Putting ketchup on your eggs is uncivilized and inhumane

Fun fact: A killer's last meal before getting executed is seen as a harbinger of this food-combo travesty

Opinion Food
Eggs Brian Hickey/PhillyVoice

Putting ketchup on eggs is the sign of an unrefined mind.

Ketchup is a fine condiment. It goes well on burgers, fries, tater tots, hash browns and – dare I say – fried chicken.

Still, ketchup is not a universally fine condiment. There are some things with which its tomato-ey, sweet-and-sour kick does not blend. 

What I’m not going to do here today is list all the things you should never pour ketchup on. I am going to focus on the most important one: Eggs.

Putting ketchup on your eggs, as many of you people apparently do, is as a sacrilege and emblematic of a human being who should not be permitted to make food choices for themselves or others. (And yes, former Vice President Joe Biden, that includes you.)

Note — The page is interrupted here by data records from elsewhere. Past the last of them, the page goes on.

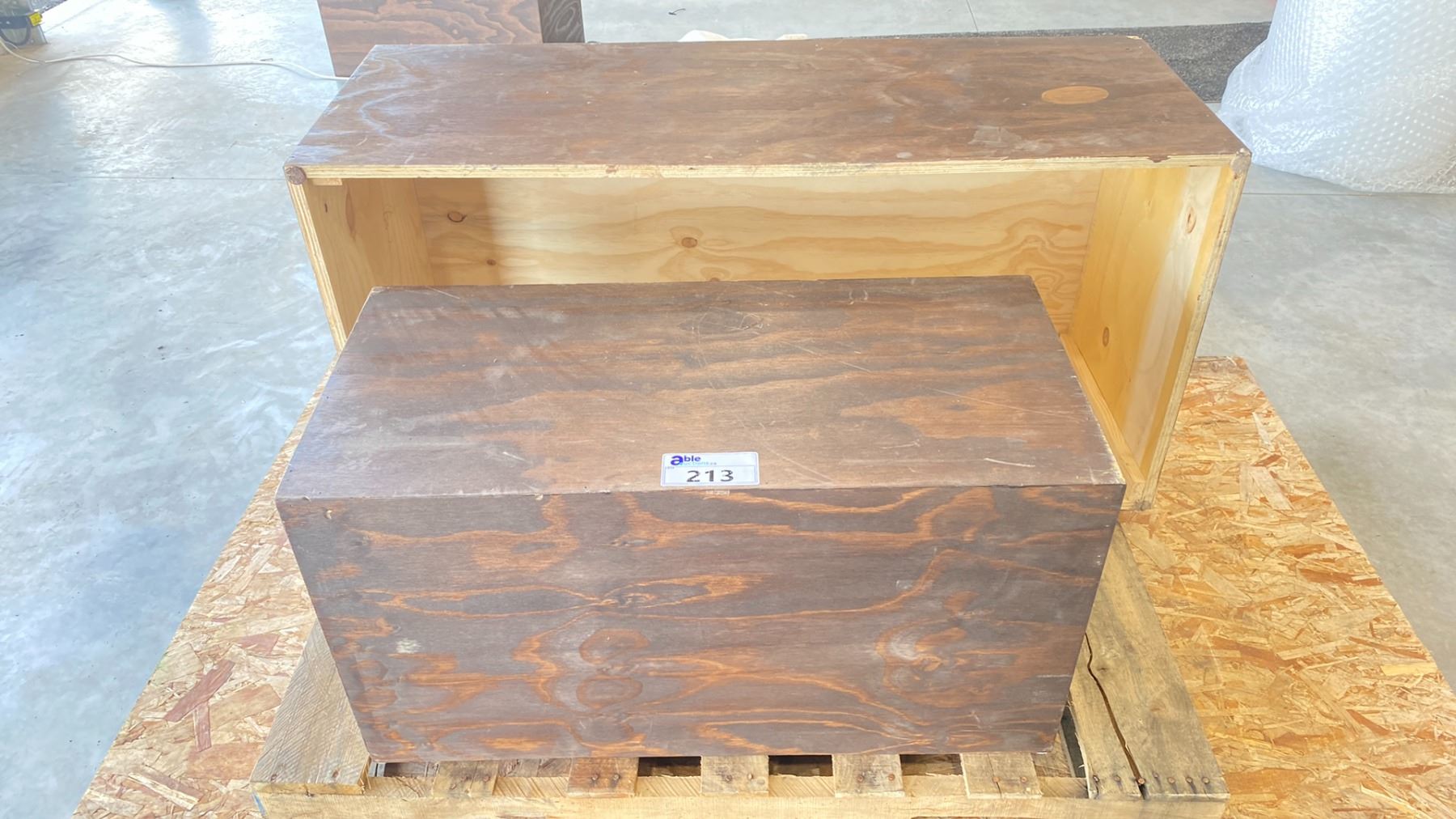 PALLET OF (2) WOOD RISERS 18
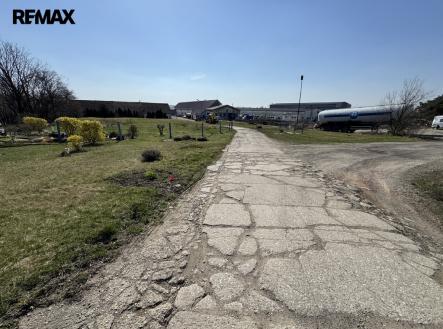 Prodej pozemku pro komerční výstavbu, 2 400 m²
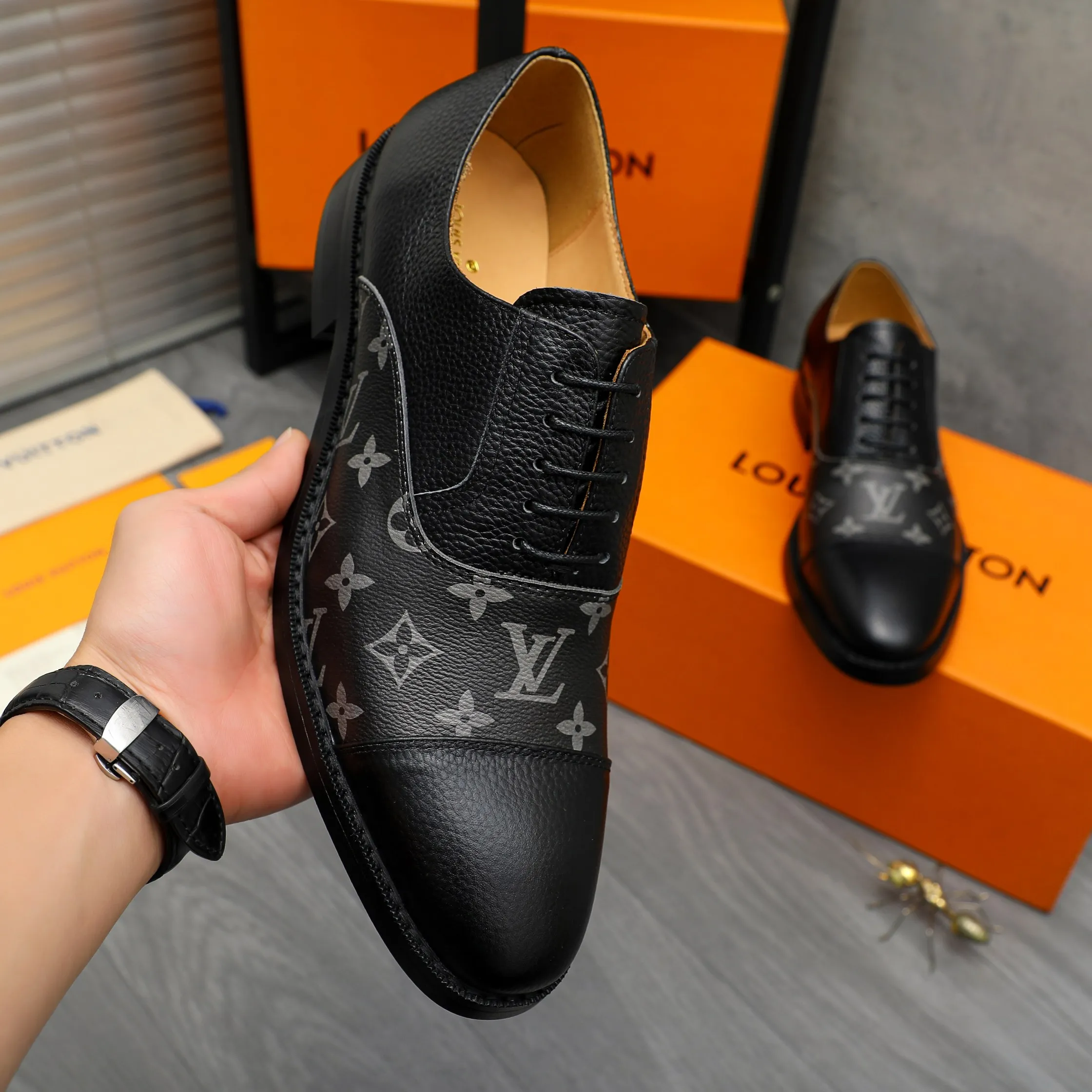 Men's shoes 💰500 Product trademark: LV "Louis Vuitton" business formal leather shoes Regular size: 39-45 (.45 customization is non-refundable) Product material: Selected pebbled cowhide stitching printed upper, cowhide lining, original rubber outsole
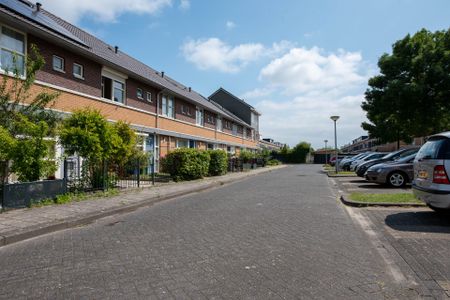 Verhuurd: Hendrik Marsmanstraat 146, 1321 SE Almere - Foto 2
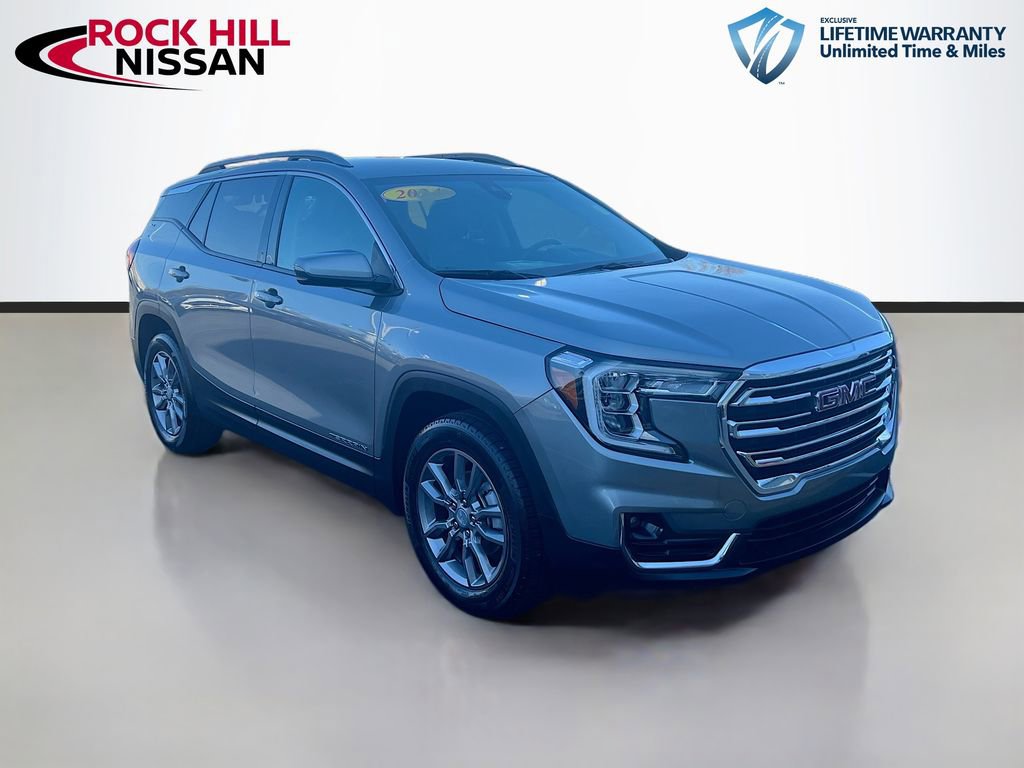 Used 2024 GMC Terrain SLT image 1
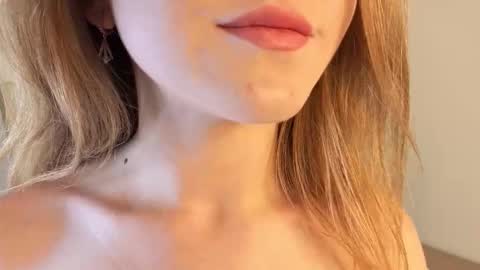 Vicki online show from 09.24.25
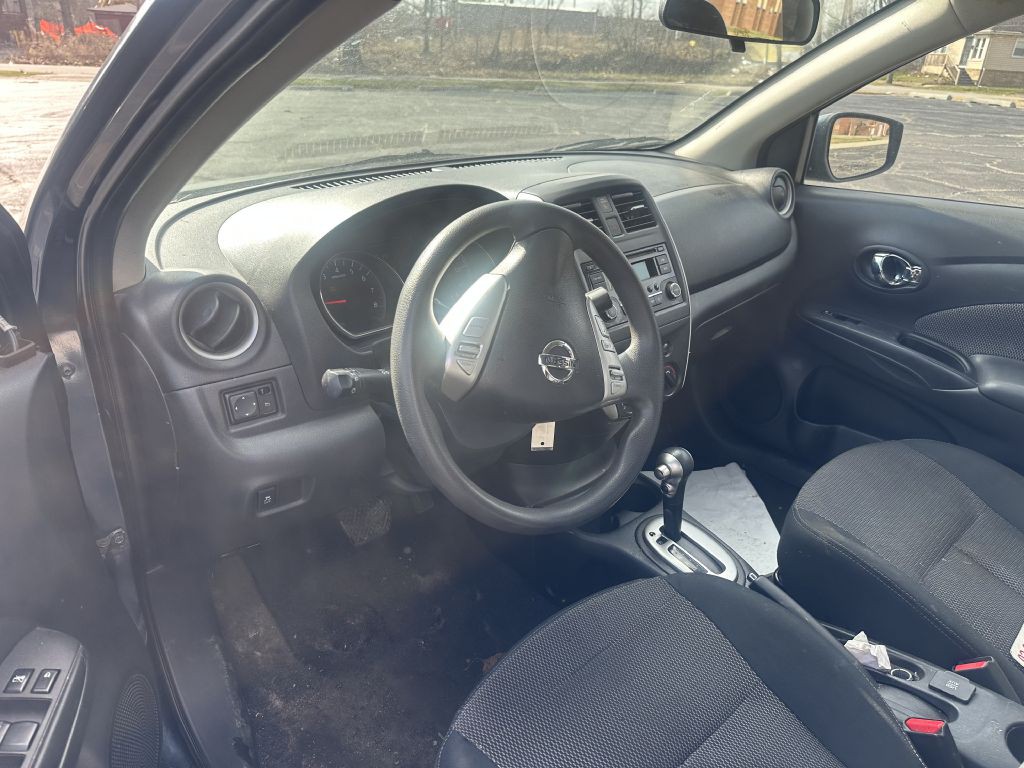 2015 Nissan Versa Image 7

This is a controversial take. Trust me, as someone who once ate egg-white-and-ham-with-ketchup breakfast sandwiches in my 20s, I know this.

Already this week, Big Ketchup tweeted out a tacit approval of this deviant behavior. Heinz is a western Pennsylvania mainstay, so it will be extended every courtesy. After all, the company would like you to put ketchup on everything, as it should, since it’s a ketchup vendor.

But that doesn’t mean ketchup – famously the object of the late Anthony Bourdain’s derision in respect to hot-dog and fancy-variety usage – belongs on eggs.

I side with people responsible with online posts such as “If you put ketchup on your eggs you are a disgusting human being,” “People that put ketchup on eggs are scum of the Earth” and “Should people who put ketchup on eggs be deported?

Is a dollop of ketchup on your scrambled eggs as rancid as, say, pickles? Of course not. Nothing is.

Does eating such a breakfast abomination put you on moral par with a since-executed killer whose last meal is seen as the harbinger of the "breakfast burrito"? I certainly hope not.

However, it is unnecessary. Want to punch up your bland scrambled eggs? Ignore the vinegary tomato flavoring. We live in a world where Hollandaise and hot sauces of all varieties exist. Seize the day.

Don’t take my word for it. Here is some corroboration from likeminded culinary heroes over the past few days:






Maybe there are some tweets espousing the benefits of ketchup on eggs, but I’m not going to look for them. I’m not in the business of validating improper food takes, only celebrating the proper ones.

Ketchup on eggs is as bad as mixing milk with a Mountain Dew Code Red. Out of respect to the chickens who selflessly provide these eggs for your consumption, don’t do it. Thank you.